Profiled command (cleaned out build directory and re-executed cmake between profile runs):

time ctest -R foo_testbench_smoke_0

2 set_test_prop lines commented out

50k: 7.43s
100k: 50.7s (5.8x slower than 50K)
200k: 3m15s (25x slower than 50K)

2 set_test_prop lines enabled

50k: 23.2s
100k: 2m56s (6.7X slower than 50K)
200k: 10m54s (27x slower than 50K)

The above was run using cmake 3.22.1 on Macbook M1 (within a docker container).

I manged to figure out what the problem is: for each property setting, there’s a loop over all tests to check to see if the test’s name is one of the test(s) listed in the set_test_properties() call. Instead, we can store them in a multimap and use equal_range to only iterate over those with a name that is relevant.
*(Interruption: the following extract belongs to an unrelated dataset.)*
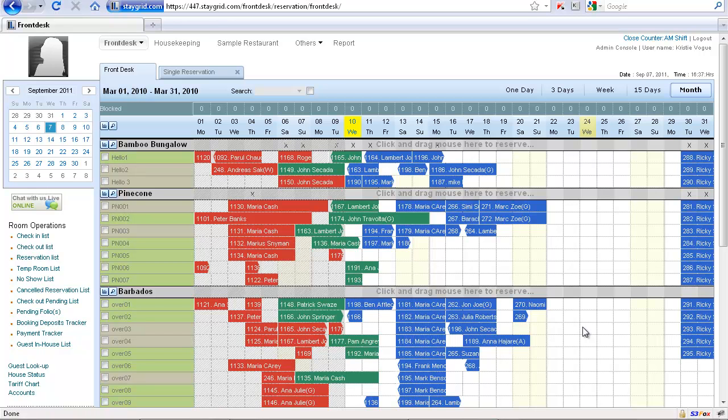Hi there, welcome to HOTLogix tutorials. In this video we'll see how we can handle split reservations in HOTLogix. A split reservation is when a guest changes rooms during their length of stay, meaning one room is booked for two nights and the next room is booked for the other two nights.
This makes a 40k with the 2 test property lines commented out (to make the benchmarking bearable yet also above the noise) go from 6.2s to 700ms locally.

d688a213d5583098f04bedc4f5c9eafe62c854bd
  Time (mean ± σ):      6.222 s ±  0.228 s    [User: 6.065 s, System: 0.126 s]
  Range (min … max):    5.997 s …  6.782 s    10 runs

a364421c7f cmCTestTestHandler: store test properties in a multimap
  Time (mean ± σ):     696.6 ms ±   6.2 ms    [User: 618.0 ms, System: 75.5 ms]
  Range (min … max):   685.2 ms … 705.5 ms    10 runs
1 Like

https://gitlab.kitware.com/cmake/cmake/-/merge_requests/8743

This is great Ben!

Do you know if after this change the speed of set_test_prop enabled/disabled are similar, or is there still a big gap between the 2?

I believe that just changes a constant on the O(n²) algorithm that was being used before.